With this encoding, if a disk read is done, and then 1000 cycles pass,
the code can quickly index to the proper disk byte, and then use the sync
information to return the correct data.  It is just as much work for 4 cycles
to pass as 5000 cycles.

Several levels of emulation accuracy are provided.  By default, KEGS
defaults to Fast Disk Emulation, where the following changes are done:

- KEGS does not slow down to 1MHz (or 2.8MHz for 3.5" accesses) for reads.
- However, KEGS always slows down to 1MHz for 5.25" writes.
- Each read of IWM data from $C0EC will return the next aligned disk nibble.
- No matter how much time passes, the read position does not move.

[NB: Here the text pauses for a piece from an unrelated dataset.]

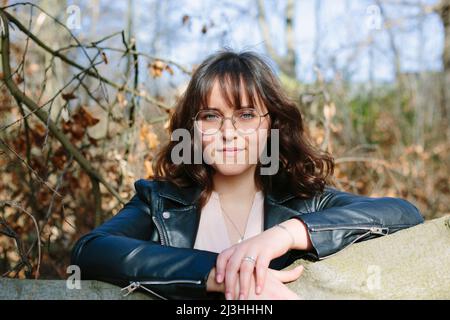 Selbstbewusste junge Frau auf einem Baumstamm im Wald Stockfoto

When accessing a WOZ image, or if Fast Disk Emulation is toggled off
(using Shift-F6), or if a write is being done, then:

- KEGS slows to 1MHz (2.8MHz for 3.5" accesses) when the drive motor is on.
- Exact timing is maintained--a valid disk nibble is held in the read latch
	for 7 clock cycles plus the amount of time for the next sync bit to
	shift in, just like the hardware works.

The arm stepping code is pretty dumb, it does not support 1/4 tracks since
I have no mechanism to test them.  I'll look for a WOZ image with 1/4 tracks
and then implement it properly.

Smartport support is sufficient to claim that there are no smartport
devices.  This is necessary since the ROM tries to see if there are
smartport devices at power-on.

I used Copy II+ to nibble copy some disks, and it worked fine.  Note:
KEGS does not support writing to "empty" WOZ images.  This is on the TO-DO
list.

IWM description:

The IWM in the IIgs supports 3.5" and 5.25" disks, as well as Smartport
devices (KEGS does not support real Smartport devices, but it does cheat
and make large images available on slot 7).

The IWM has several modes:

- Motor off.  Accesses go to internal Mode register and Status register.
- Motor on ($C0E9 is on; touch $C0E8 to turn motor off).
	- $C031 enables 3.5" if bit 6 is set
		- The disk phases $C0E0-$C0E7 + $C031 bit 7 provide a 4-bit
			command code to the 3.5" controller, and can be used
			to move the disk arm, eject a disk, etc.
			The action is triggered by phase 3 going on.
			Note the actual 3.5" motor is not controlled by $C0E9,
			but a special command must be given through this
			phase-3-latch mechanism to turn the motor on and off.
		- Phases 0,1,2 and $C031 bit 7 select a status bit to return
			when Q7=0,Q6=1 is read (the Status Register).
		-If phase 0 and 2 are enabled, this resets the IWM.
		-If phase 1 and 3 are enabled, this enables accessing the
			Smartport Bus.  KEGS supports this enough to indicate
			that there are no Smartport devices.
			This is called ENABLE2 mode.
	- $C031 disables 3.5" if bit 6 is clear:
		- The disk phases $C0E0-$C0E7 move the 5.25" disk arm.
		- Reading any even address returns:
			Q7=0,Q6=0: The data register (byte from the drive)
			Q7=0,Q6=1: Status register (write protect)
			Q7=1,Q6=0: Handshake register (not used by software)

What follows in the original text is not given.